EXERCISE AIM → Would you copy only the lines below, from the one containing "미국패키지여행 처음 예약하는" through the very last one, leaving the pictures out?

++++ GIVEN DATA ++++

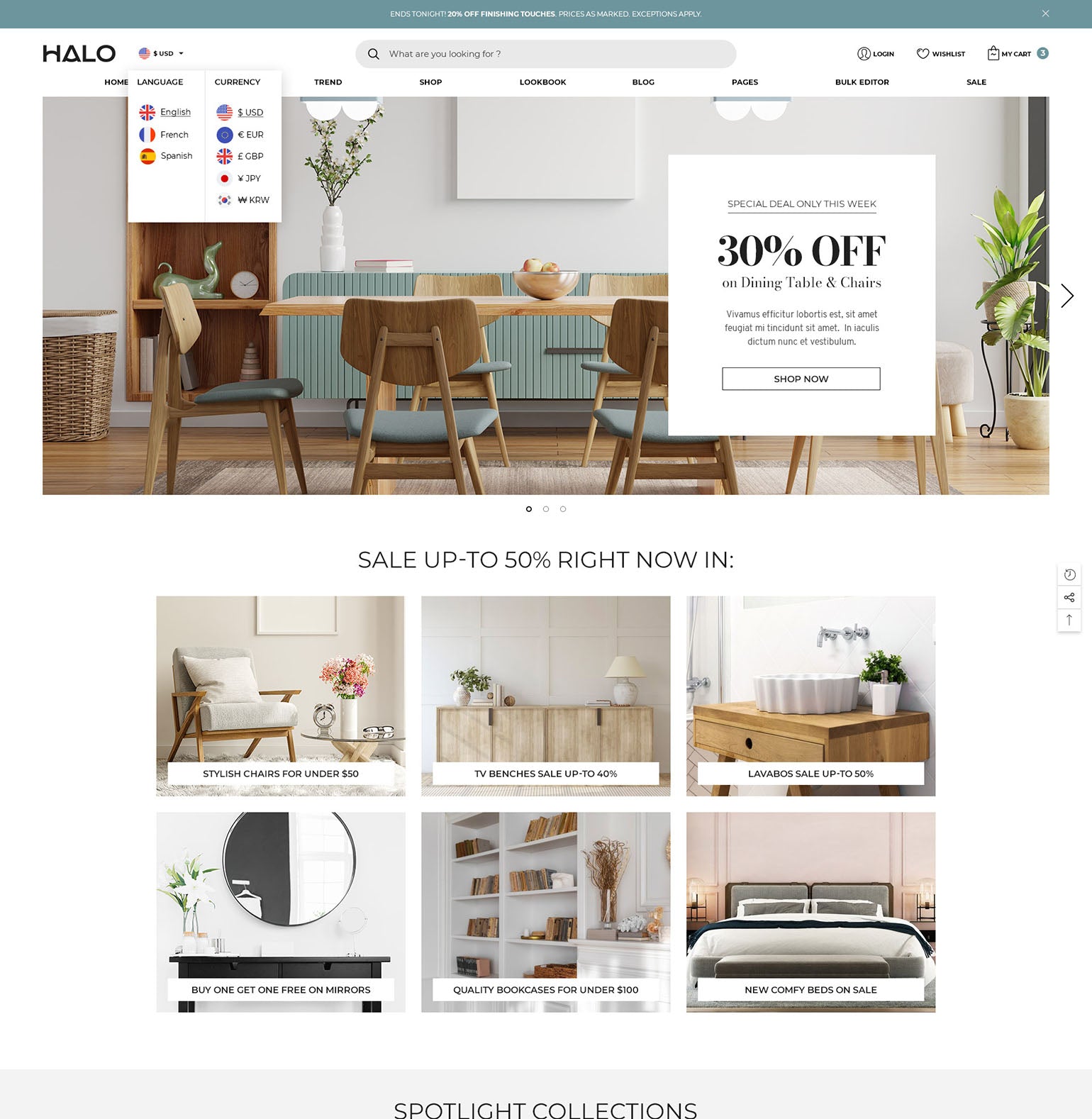 Halo Theme - Furniture Ecommerce Website Template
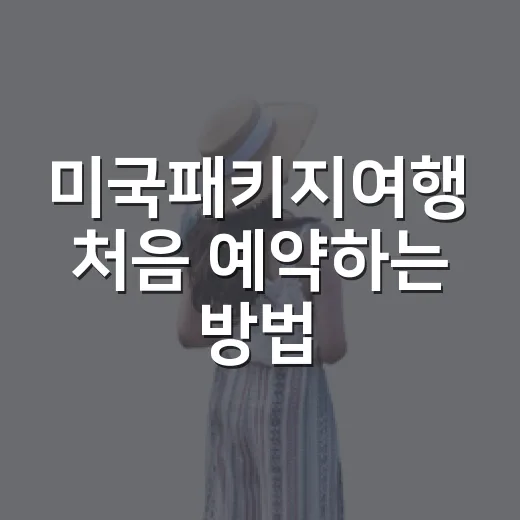 미국패키지여행 처음 예약하는 방법, 코스와 비용까지 이렇게 고르면 편해요 - 요약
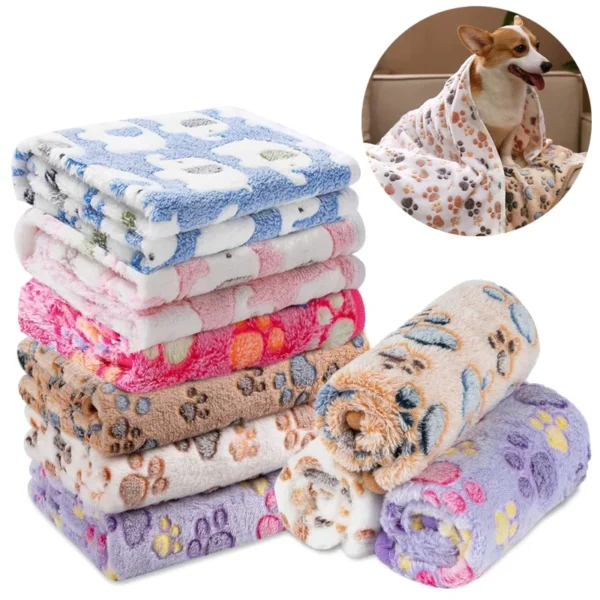Pet Travel Mat with Paw Print Design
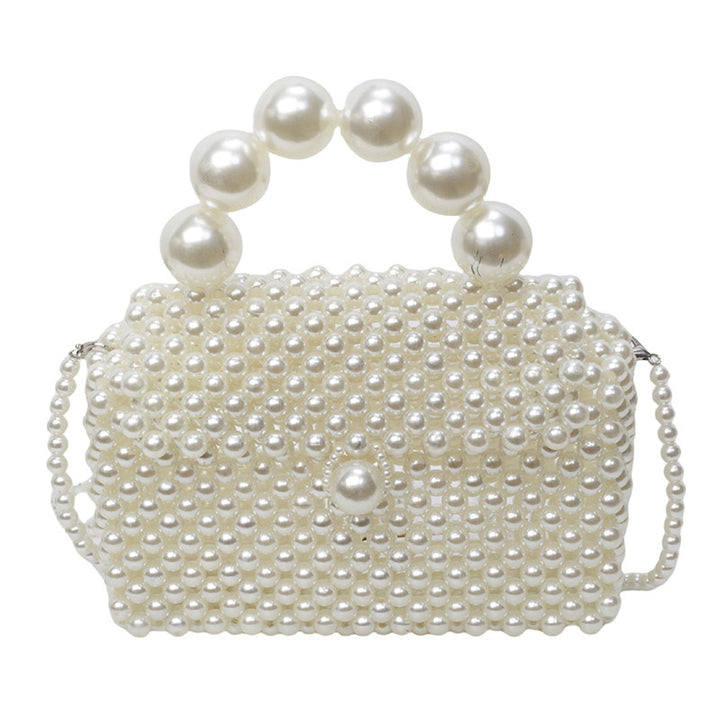 Pearl-Embellished Evening Handbag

++++

TASK RESULT →
 미국패키지여행 처음 예약하는 방법, 코스와 비용까지 이렇게 고르면 편해요 - 요약
Pet Travel Mat with Paw Print Design
 Pearl-Embellished Evening Handbag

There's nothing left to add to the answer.